James is unmerciful to these faithless individuals. He promises them miseries, corrosion, fire and slaughter; at the same time, he paints a comforting picture for the faithful.

Open mind

The author of Numbers, on the other hand, approaches the human situation from a different angle (Num 11:25-29). He's concerned not with the unfaithful, but with those followers of God who restrict their following to a limiting, narrow path. Joshua classically represents such people.

This "son of Nun, who from your youth had been Moses' aide," demands that Moses stop Eldad and Medad from prophesying in the camp. Though both had been designated as elders, neither had passed through the "required religious hoops," something which doesn't stop them from receiving Yahweh's prophetic spirit.

Joshua, in this passage, regards religion as a tool to control Yahweh's actions; Moses, as a tool to discover those actions. Joshua wants to limit; Moses longs to expand. "Would that all the people of Yahweh were prophets!" the great law-giver exclaims. "Would that Yahweh might bestow His spirit on them all!"

Mark gives Joshua's role to John in the Gospel (Mk 9: 38-43, 45, 47-48). "Teacher," he snitches to Jesus, "we saw someone driving out demons in your name, and we tried to prevent him because he does not follow us."

With us

But instead of being complimented for his detective work, John is rebuked. Jesus demands that John stop prohibiting people from doing good in His name just because they haven't paid their religious dues.

"Do not prevent him," the teacher commands. "There is no one who performs a mighty deed in my name who can at the same time speak ill of me." Then he pronounces one of the most liberal statements in all of Scripture: "Whoever is not against us is for us!" Even non-Christians who help those who minister in Jesus' name will be rewarded.

Then, turning from non-Christians to Christians, Jesus reminds the leaders of His community of their major pitfall: causing those who believe in Him to sin. He offers His leaders a choice of life or Gehenna (at that time, the Jerusalem city dump). Jesus presumes His followers will choose real life over a meaningless existence, even if they have to sacrifice some security to achieve that life.
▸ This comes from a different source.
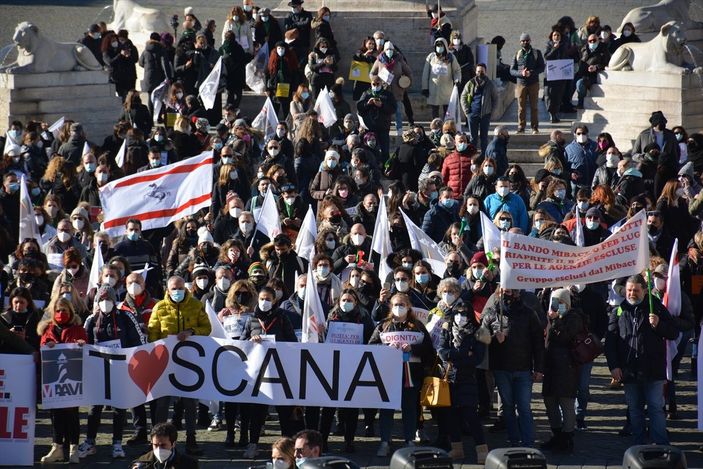 a İtalya'da turizmciler meydanlara indi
Perhaps it's good for those of us who are religious leaders to remember that neither Yahweh in the Hebrew Scriptures nor Jesus in the Christian Scriptures demand that their followers join specific religious denominations. Both call people to faith, to experience life, even if that entails going beyond or around religious regulations. Christian leaders, especially, are expected to help their people distinguish between the rules that offer security and those that offer life.